Once you've calculated your emissions you can identify the best opportunities to reduce those emissions. Many entities are setting net zero goals, which means eliminating or offsetting all greenhouse gas emissions. Learn more about the various ways entities define net zero from our primer and from the UK B Corps' Slide Deck on the path to Net Zero Emissions for SMEs.
Getting to net zero is a process. As part of this process you will need to examine your supply chain and work with suppliers to reduce the emissions associated with the goods you buy. And you will also want to think about the life cycle of the products you create. Can you, for example, make it easier for consumers to recycle your product?
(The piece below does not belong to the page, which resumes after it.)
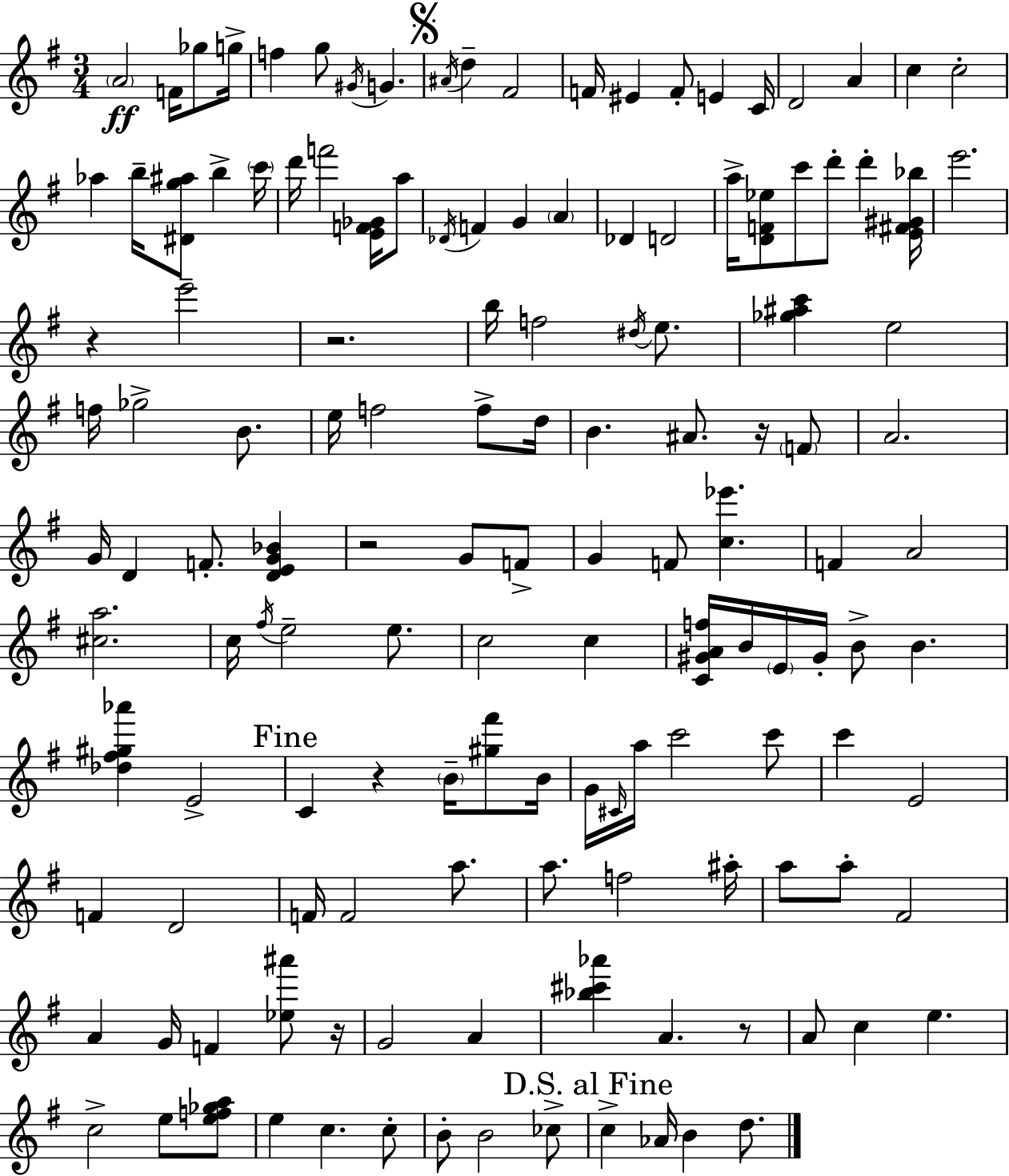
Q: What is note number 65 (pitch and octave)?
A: C5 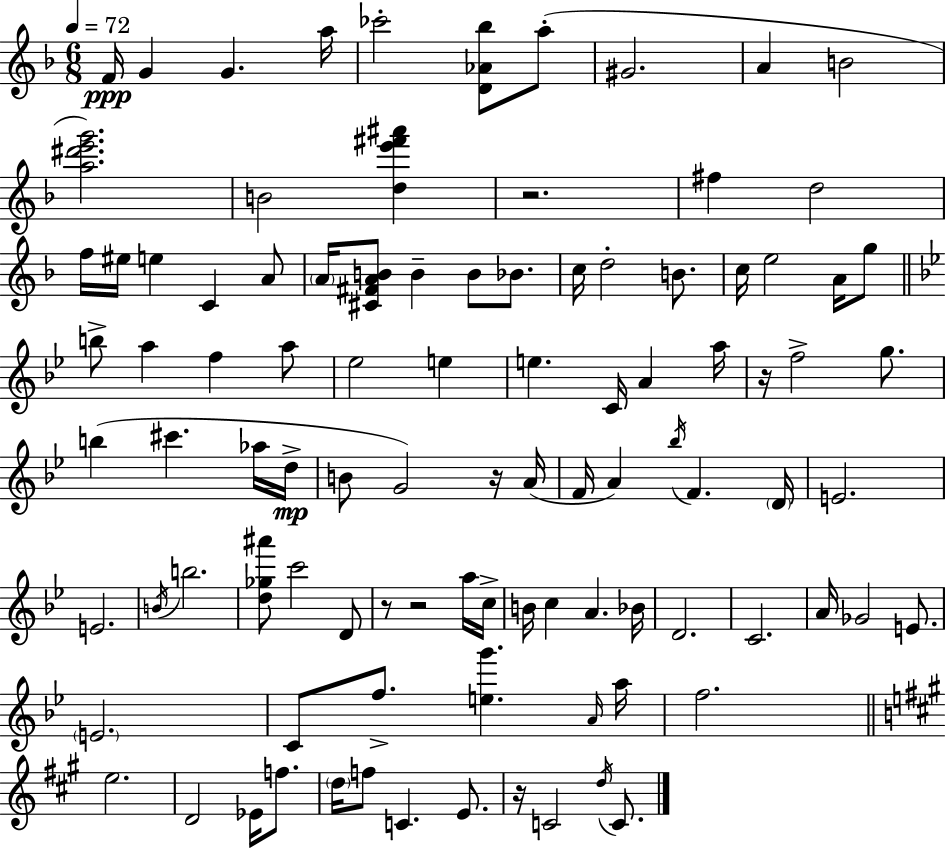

Eliminating all emissions is rarely possible. Fortunately, companies can further reduce their environmental foot print by purchasing carbon offsets. Learn more about carbon offsets via the 2020 Nelson Institute Earth Day webinar series for businesses.
Business use resources to create valuable products and services. Businesses thrive when they match the resources used to the products sold. Likewise, business are most profitable when they don't use more energy or water than necessary for operations. Optimizing resource use reduces your operating costs and improves profitability. Below are resources to help business maximize their efficiency and reduce waste:
For more discussion on strategies to manage resource use, check out the business-specific webinars that were part of this year's Nelson Institute Earth Day Conference.
Ten years ago almost three-quarters of Wisconsin's electricity came from coal but by 2050 experts predict that our electricity will be 100% renewable. Electricity is an increasingly clean fuel, which means transitioning activities, such as heating buildings, or moving goods, from fossil fuels to electricity can reduce corporate emissions.
One way to reduce emissions is to transition your light-duty vehicles from gasoline to hybrid electric or battery-electric options. Wisconsin Clean Cities has resources to help you calculate savings and identify vehicles that will work for you.
If you are considering a new facility, explore opportunities to be net zero energy or net zero carbon. An all-electric facility with on-site renewable energy can be net zero energy while a highly efficient facility that utilizes off-site renewable energy or carbon offsets can achieve net zero carbon status. Businesses are already making this transition with geothermal technology - learn more here. We highlight some aspects of both options, along with resources, in this primer. For more details on building a net zero building, check out the City of Eau Claire's Net Zero Design Guide.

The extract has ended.